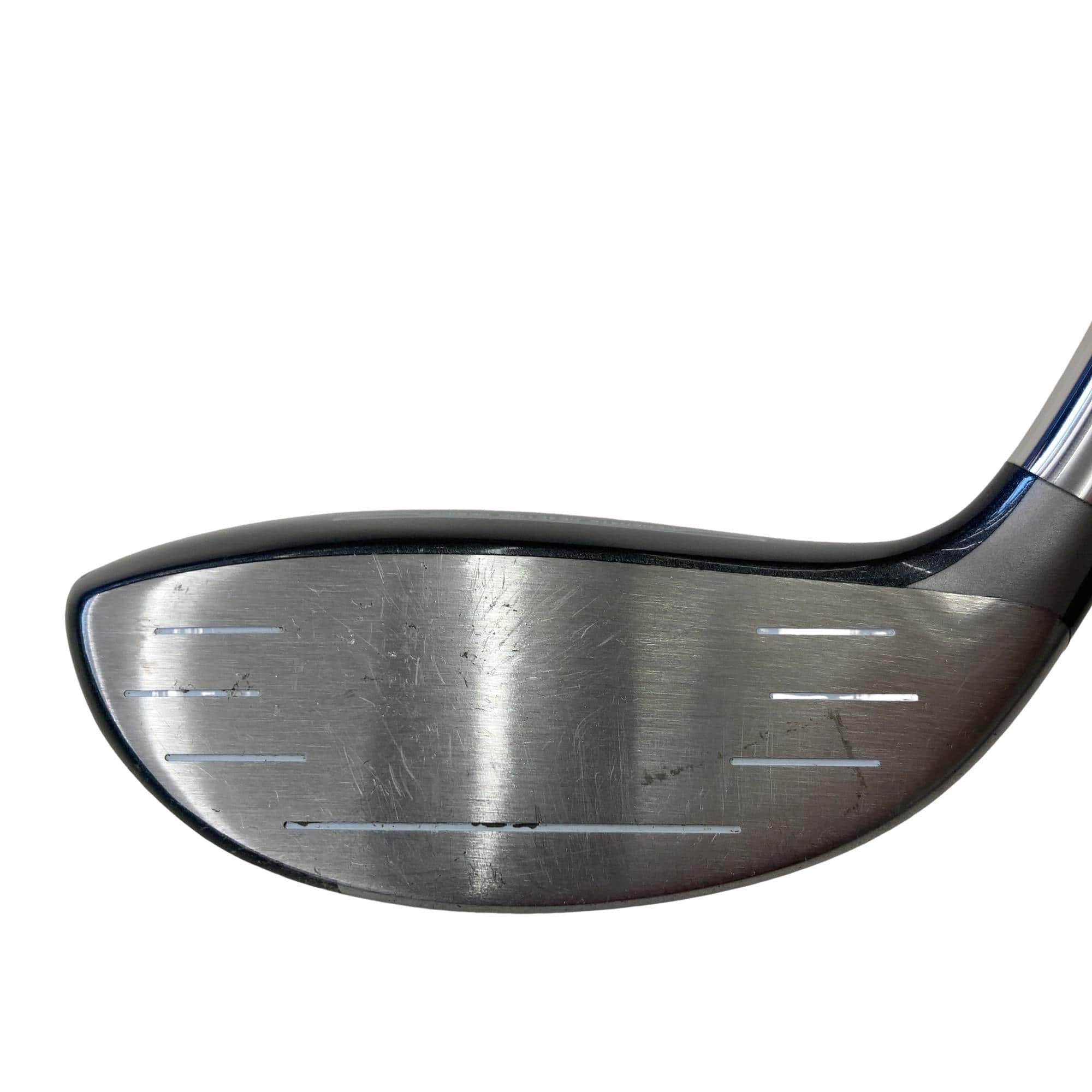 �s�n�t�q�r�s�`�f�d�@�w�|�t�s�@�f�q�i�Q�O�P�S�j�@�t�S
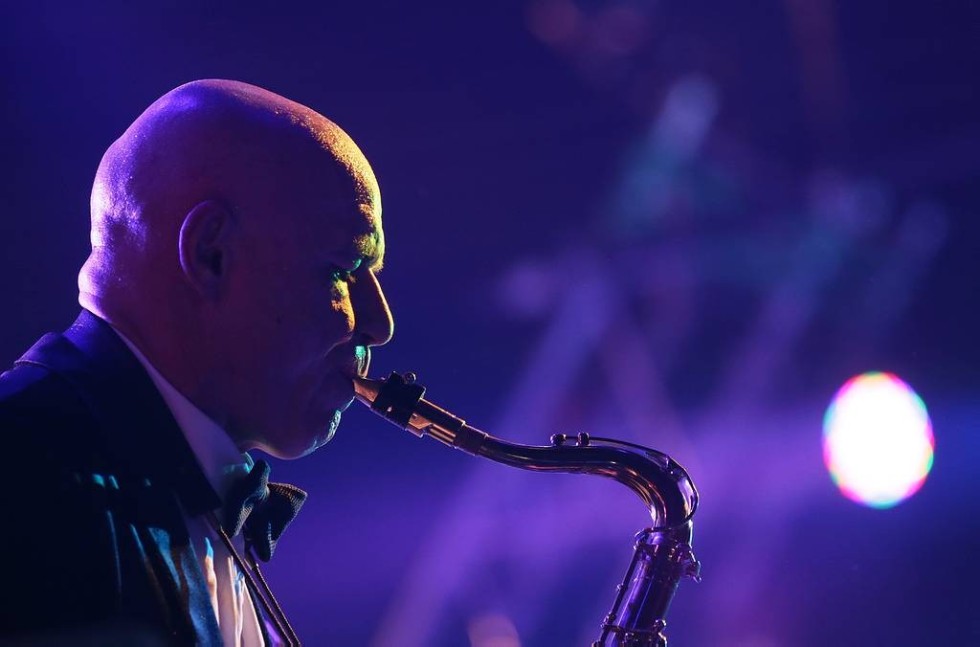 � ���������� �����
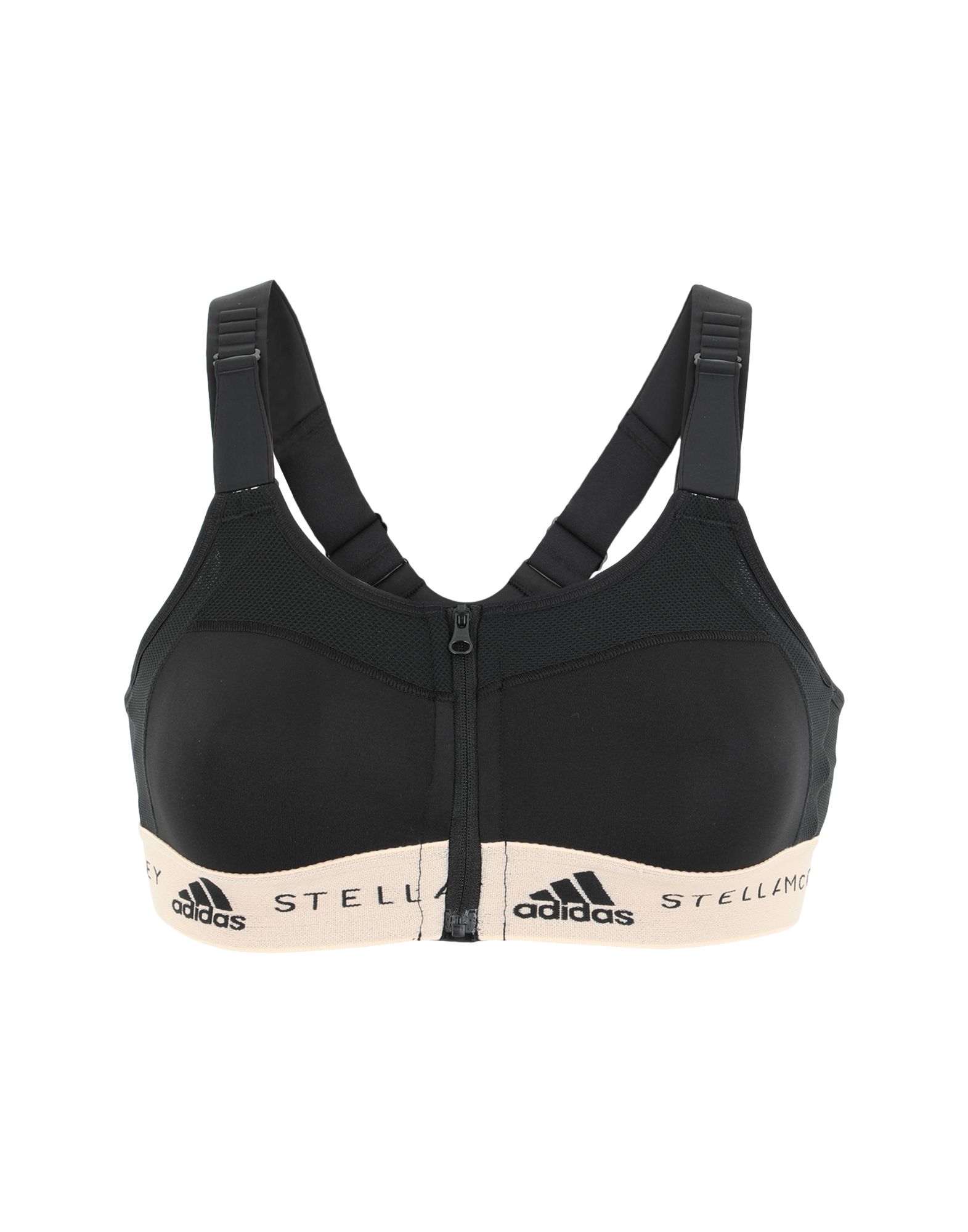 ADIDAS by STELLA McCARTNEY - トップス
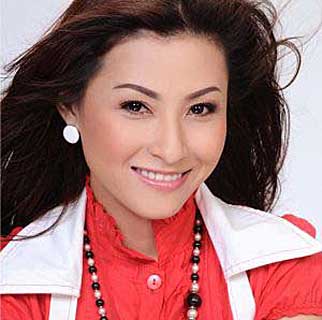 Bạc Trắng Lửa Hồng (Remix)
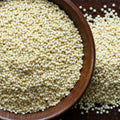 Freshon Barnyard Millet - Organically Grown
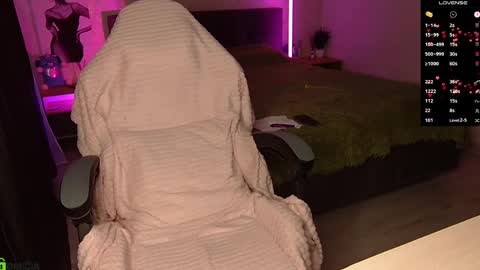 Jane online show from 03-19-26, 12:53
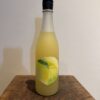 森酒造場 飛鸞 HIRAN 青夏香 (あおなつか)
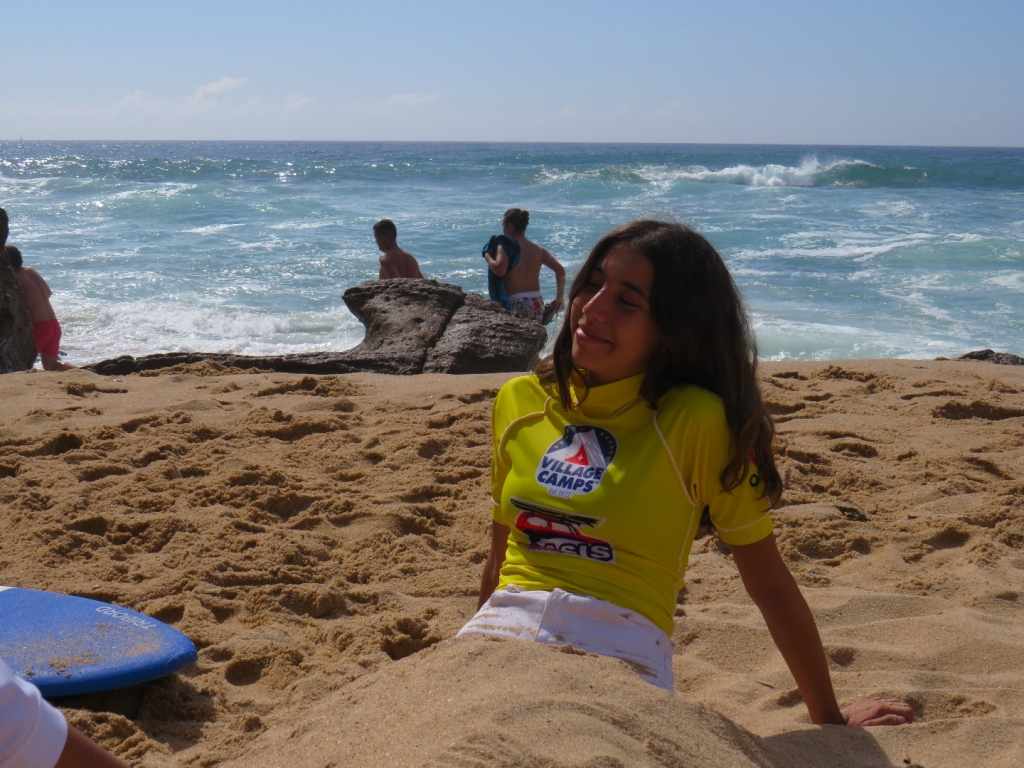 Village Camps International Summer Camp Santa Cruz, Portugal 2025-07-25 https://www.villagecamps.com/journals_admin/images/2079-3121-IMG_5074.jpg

TASK TO CARRY OUT: A word-for-word copy of the listing is the goal; keep every picture out of it.

ANSWER AREA:
 �s�n�t�q�r�s�`�f�d�@�w�|�t�s�@�f�q�i�Q�O�P�S�j�@�t�S
 � ���������� �����
 ADIDAS by STELLA McCARTNEY - トップス
 Bạc Trắng Lửa Hồng (Remix)
 Freshon Barnyard Millet - Organically Grown
 Jane online show from 03-19-26, 12:53
 森酒造場 飛鸞 HIRAN 青夏香 (あおなつか)
 Village Camps International Summer Camp Santa Cruz, Portugal 2025-07-25 https://www.villagecamps.com/journals_admin/images/2079-3121-IMG_5074.jpg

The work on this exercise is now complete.